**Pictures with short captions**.
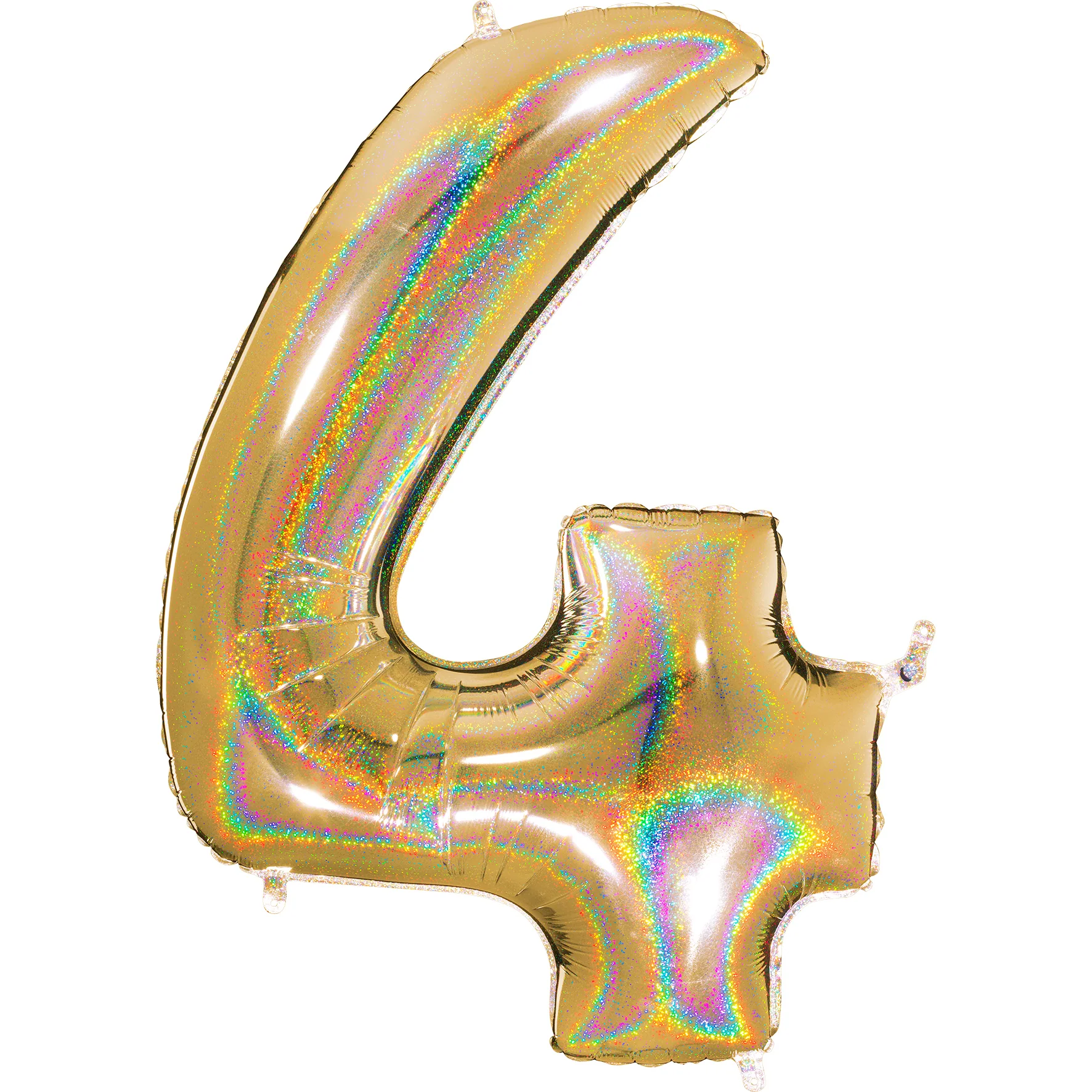 40" (34" Inflated) Number "4" Gold Glitter Holographic Balloons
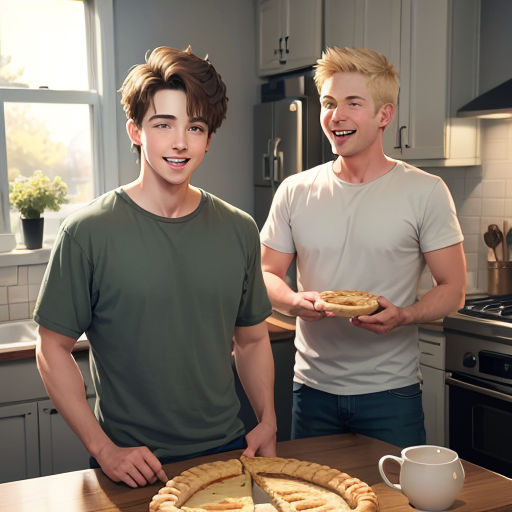 two men standing in a kitchen holding a pie and a cup of coffee and a mug of tea on a counter
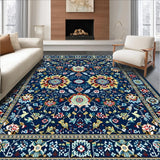 Ultra Soft Area Rug, Non Slip, Stain Resistant, Washable Area Rugs for Living Room, Bedroom, Elegant Geometric Floral Aesthetic(Blue)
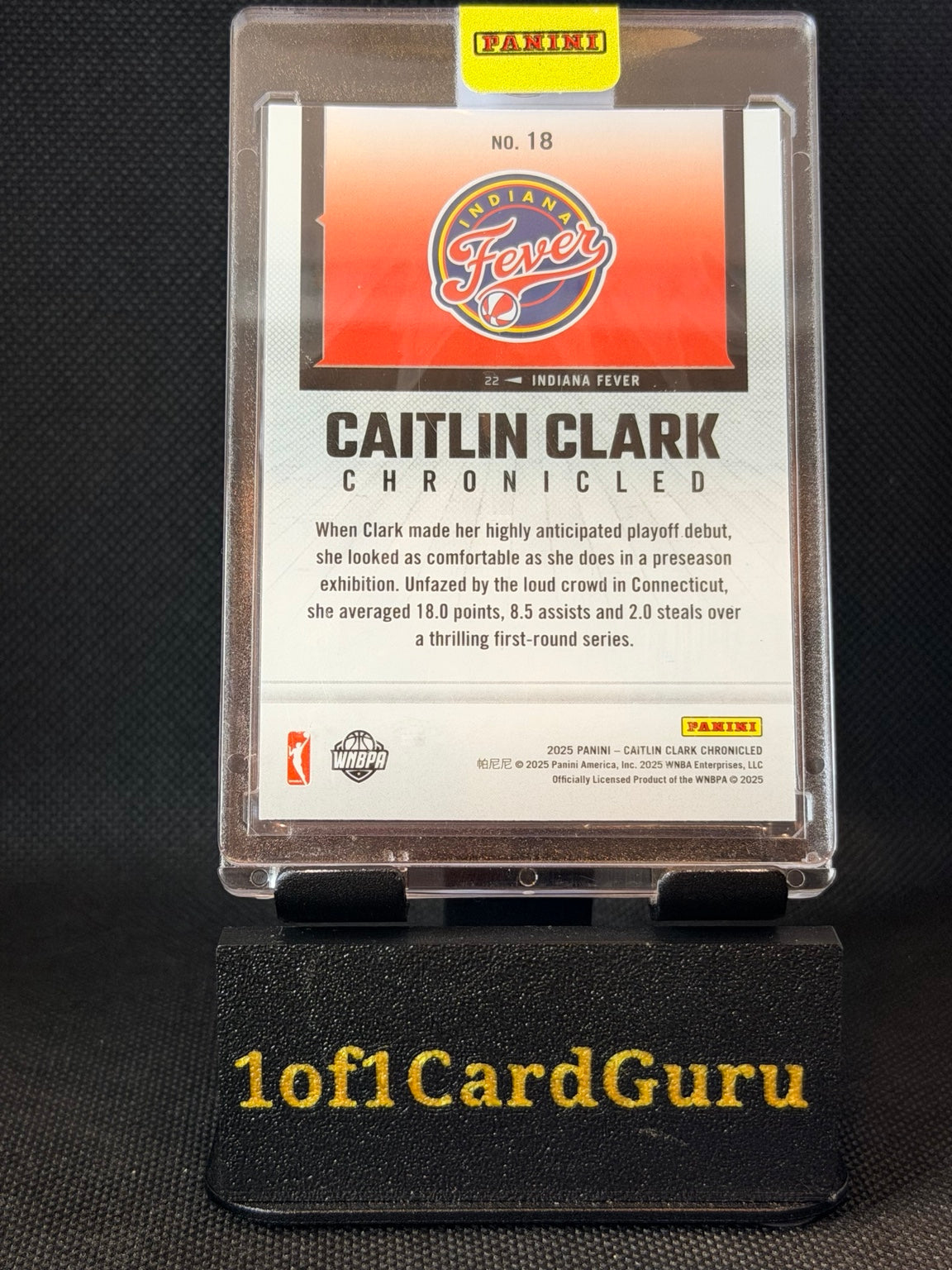 2025 Panini Caitlin Clark Chronicled Holo #18 In-Person Autograph — back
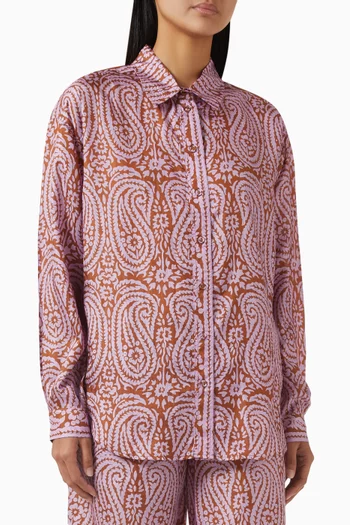 Stevie Printed Shirt in Silk
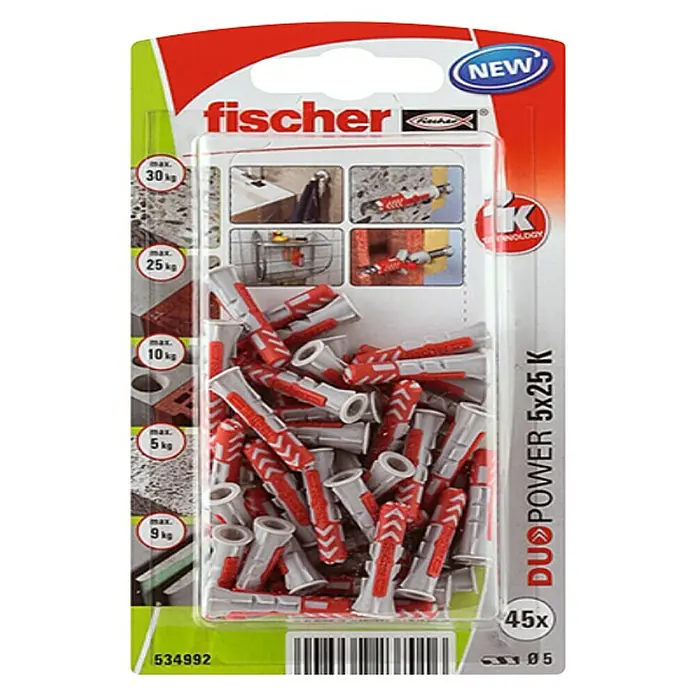 Fischer Duopower Set vijaka s tiplama - Promjer tiple: 5 mm, Duljina tiple: 25 mm, 45 kom, Najlon - Pogled s gornje strane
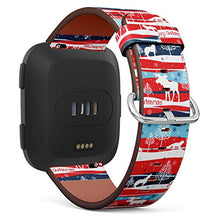 Load image into Gallery viewer, Replacement Leather Strap Printing Wristbands Compatible with Fitbit Versa - Christmas Reindeer, Wolf and Fox Pattern

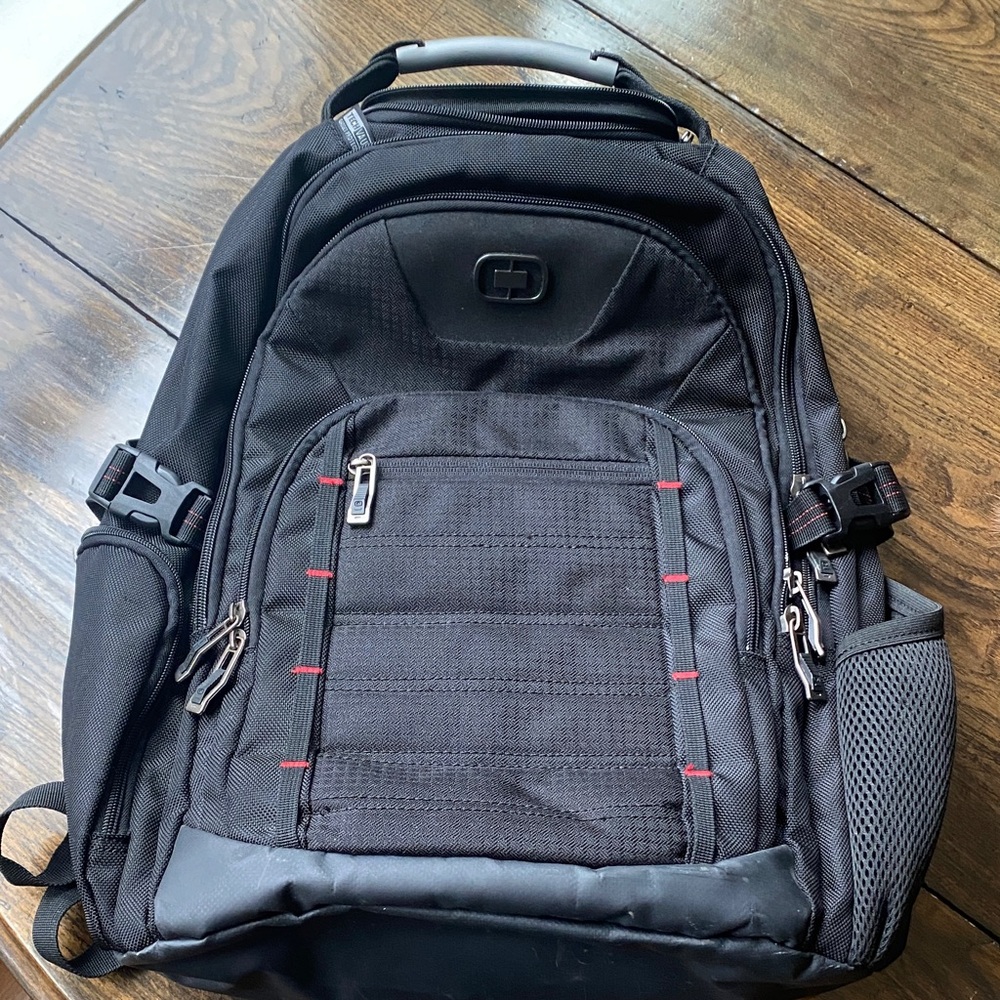 OGIO Black Backpack with Red Accents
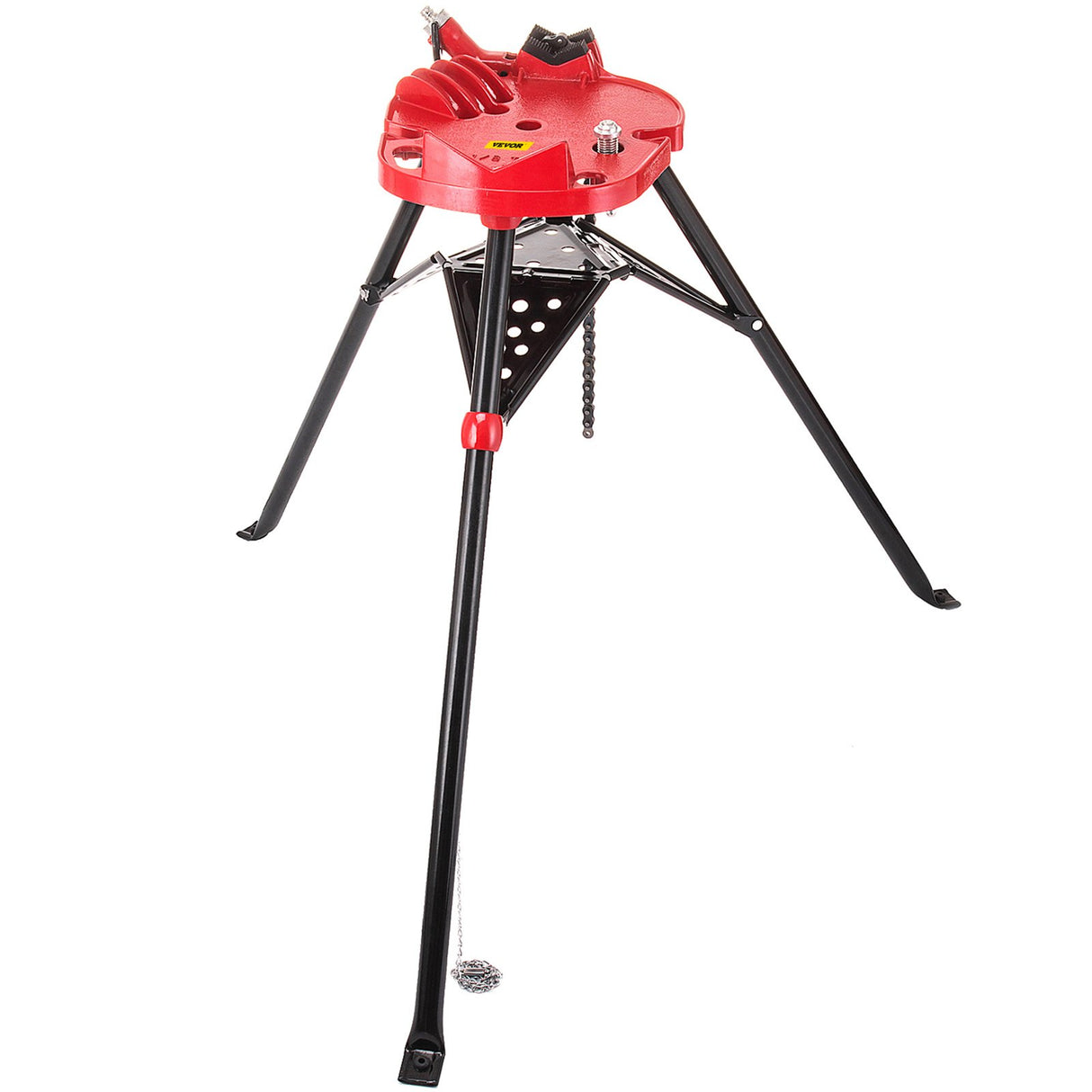 VEVOR Tripod Pipe Chain Vice Stand 1/8" to 6" w/ Steel Legs & Rubber Mounts Bib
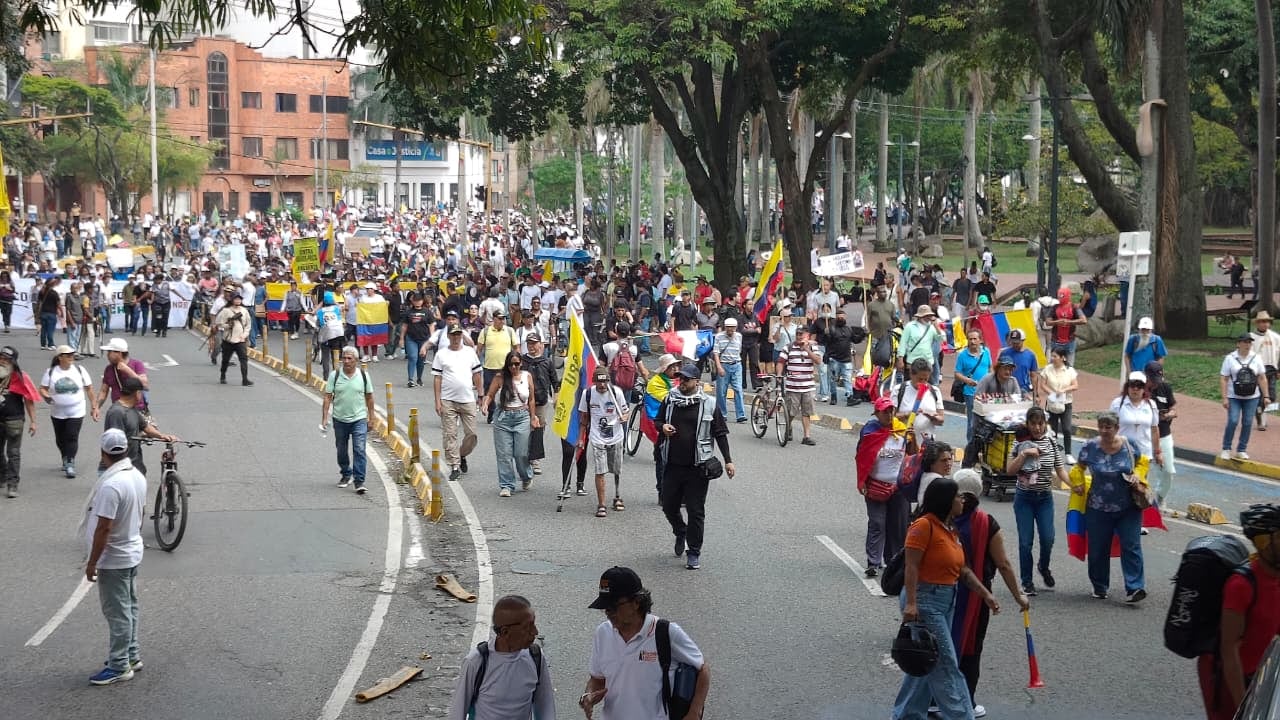 Así avanza la jornada de manifestaciones en Cali.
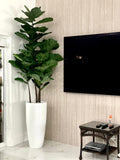 Figuier Lyre Arbre avec Dax L Blanc Brillant Fibre de Verre Pot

**Task description**.
From the line containing "2025 Panini Caitlin" down to the last line of the entries above, retype each line exactly as it stands, but skip the pictures.

**Result**.
 2025 Panini Caitlin Clark Chronicled Holo #18 In-Person Autograph — back
 Stevie Printed Shirt in Silk
 Fischer Duopower Set vijaka s tiplama - Promjer tiple: 5 mm, Duljina tiple: 25 mm, 45 kom, Najlon - Pogled s gornje strane
 Load image into Gallery viewer, Replacement Leather Strap Printing Wristbands Compatible with Fitbit Versa - Christmas Reindeer, Wolf and Fox Pattern

 OGIO Black Backpack with Red Accents
 VEVOR Tripod Pipe Chain Vice Stand 1/8" to 6" w/ Steel Legs & Rubber Mounts Bib
 Así avanza la jornada de manifestaciones en Cali.
 Figuier Lyre Arbre avec Dax L Blanc Brillant Fibre de Verre Pot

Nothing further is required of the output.